Re: haproxy doesn't bring failed server up
On 10/07/2019 03:11 AM, Cyril Bonté wrote: Hi, Le 06/10/2019 à 09:19, rihad a écrit : Hi, all. This annoying bug can be experienced in 1.7-2.0 servers (while 1.9 has added another bug of high CPU utilization - unrelated to this). In essence, once an external server that we forward internal requests to stops responding for some time and comes back to life a bit later, more often than not haproxy can no longer reach it. Without any other details (logs would be helpul), I tend to think there's no bug here, but a configuration issue. By default, haproxy resolves host names once, on start up. As you are using a host name to delcare the smtp server, which oftenly updates its IPs : Configuration is very simple [...] server amazon email-smtp.us-west-2.amazonaws.com:587 check inter 30s fall 1440 rise 1 That's it. if email-smtp.us-west-2.amazonaws.com:587 fails intermittently and the downtime lasts more than a few 30 sec checks, it can then no longer be accessed via 127.0.0.2:2588 even if the external servers resumes normal operation, and nothing short of a reload (-sf) fixes the problem. I guess that when it happens, email-smtp.us-west-2.amazonaws.com has a new pool of IP addresses and haproxy can't connect to the old resolved one. You should have a look to the documentation chapter "Server IP address resolution using DNS" : https://cbonte.github.io/haproxy-dconv/2.0/configuration.html#5.3 Thanks! But according to the manual, shouldn't haproxy re-resolve AWS server name regardless of its resolver settings? A few other events can trigger a name resolution at run time: - when a server's health check ends up in a connection timeout: this may be because the server has a new IP address. So we need to trigger a name resolution to know this new IP.

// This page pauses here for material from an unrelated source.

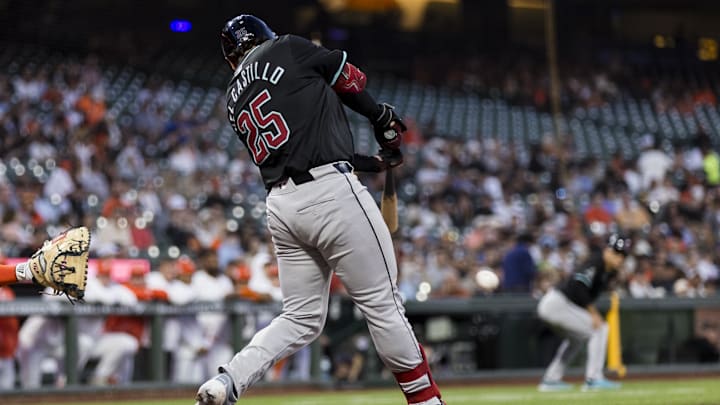 Sep 3, 2024; San Francisco, California, USA;  Arizona Diamondbacks catcher Adrian Del Castillo (25) hits a single against the San Francisco Giants during the third inning at Oracle Park. Mandatory Credit: John Hefti-Imagn Images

Re: haproxy doesn't bring failed server up
Hi, Le 06/10/2019 à 09:19, rihad a écrit : Hi, all. This annoying bug can be experienced in 1.7-2.0 servers (while 1.9 has added another bug of high CPU utilization - unrelated to this). In essence, once an external server that we forward internal requests to stops responding for some time and comes back to life a bit later, more often than not haproxy can no longer reach it. Without any other details (logs would be helpul), I tend to think there's no bug here, but a configuration issue. By default, haproxy resolves host names once, on start up. As you are using a host name to delcare the smtp server, which oftenly updates its IPs : Configuration is very simple [...] server amazon email-smtp.us-west-2.amazonaws.com:587 check inter 30s fall 1440 rise 1 That's it. if email-smtp.us-west-2.amazonaws.com:587 fails intermittently and the downtime lasts more than a few 30 sec checks, it can then no longer be accessed via 127.0.0.2:2588 even if the external servers resumes normal operation, and nothing short of a reload (-sf) fixes the problem. I guess that when it happens, email-smtp.us-west-2.amazonaws.com has a new pool of IP addresses and haproxy can't connect to the old resolved one. You should have a look to the documentation chapter "Server IP address resolution using DNS" : https://cbonte.github.io/haproxy-dconv/2.0/configuration.html#5.3 -- Cyril Bonté
haproxy doesn't bring failed server up
Hi, all. This annoying bug can be experienced in 1.7-2.0 servers (while 1.9 has added another bug of high CPU utilization - unrelated to this). In essence, once an external server that we forward internal requests to stops responding for some time and comes back to life a bit later, more often than not haproxy can no longer reach it. Configuration is very simple global maxconn 16384 daemon nbproc 1 user nobody group nobody log /var/run/log local0 defaults retries 3 timeout connect 5000 timeout client 360 timeout server 360 log global option log-health-checks listen amazon_ses bind 127.0.0.2:2588 mode tcp no option http-server-close default_backend bk_amazon_ses backend bk_amazon_ses mode tcp no option http-server-close timeout connect 5s server amazon email-smtp.us-west-2.amazonaws.com:587 check inter 30s fall 1440 rise 1 That's it. if email-smtp.us-west-2.amazonaws.com:587 fails intermittently and the downtime lasts more than a few 30 sec checks, it can then no longer be accessed via 127.0.0.2:2588 even if the external servers resumes normal operation, and nothing short of a reload (-sf) fixes the problem.